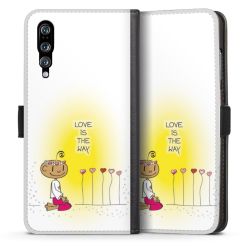 Sideflip mit Lasche schwarz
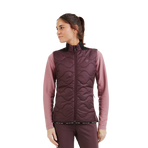 Horse Pilot - Dames mouwloze bodywarmer Rider Vest winetasting | - Ohlala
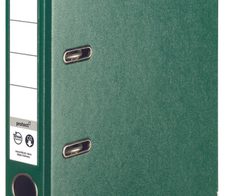 herlitz Ordner Rückenbreite 5 cm DIN A4 Kunststoff grün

• **What is needed**
Drop every picture from the data, then output all the rest exactly.

• **Task response**
 Sideflip mit Lasche schwarz
 Horse Pilot - Dames mouwloze bodywarmer Rider Vest winetasting | - Ohlala
 herlitz Ordner Rückenbreite 5 cm DIN A4 Kunststoff grün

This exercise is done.